When people were chained, they were very angry. They were dumping whole buckets of urine and feces on us. What we noticed when we removed the chains is that the attacks did not increase in any way. In fact, they’ve gone down.”

One of the biggest issues is drug abuse. Many of the teens in the hospital use tramadol – an opioid found in cough medicine. Others reach a state of psychosis after smelling the black residue on their exhaust pipes.

Ahmed Lehi, 21, was taken to the hospital in October by his relatives.

My mother called all the local young men to chain me up in our house; she thought I was smoking [drugs],” he says. “But I broke down the door, when they said I was crazy. After that, they brought me here, where I was given an injection to calm me down.

Hague is helped with his addiction.

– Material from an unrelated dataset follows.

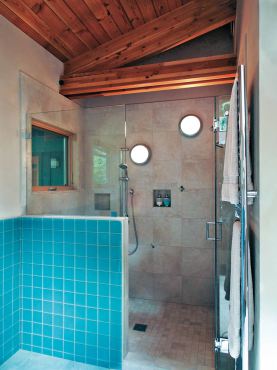 The fixtures featured in this shower were designed for the outdoors. The car decking on the ceiling necessitated wall mounting the fixtures in the shower. (Photo courtesy A Kitchen That Works, LLC)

He doesn’t know how long he will stay at the hospital, which was first built by British colonialists in 1820. “The nurses are doing their best for us,” he says. “The only thing is food – it can be a more balanced diet than just beans and rice.”

The improvements are funded largely by a US charity, Partners in Health (PIH), which helps the government with operating costs.

Hospital reception desk, where there is a sign that says
The staff is at the hospital’s reception, where there is a sign that reads “chain free since 2018”. Photo: Finbarr O’Reilly/The New York Times/Evin

The charity provided $2.5m (£2m) towards the renovation. There is now a full-time psychiatrist and residency programme, set up to train seven psychiatrists who will outpace Double the five that currently support The population of Sierra Leone is 8.1 million.

The government is preparing to roll out essential mental healthcare across Sierra Leone’s 16 district hospitals in the coming months, which will reduce pressure on the teaching hospital.

Earlier this year, Dr. Carol Labore was named the first female Presidential Mental Health Counselor.

“Reforming mental health in Sierra Leone is a big undertaking, but we are up to the task,” says Labor. “Our goal is to train 10,000 mental health care professionals in 10 years.”

One of the main challenges is reforming the Lunacy Act of 1902 – a colonial-era law that contains no mention of patients’ rights. Dr. Labore says a “patient-centered bill” has been drafted, which includes protections for patient care. It should be passed in 2023 – to restore dignity to people with mental health problems.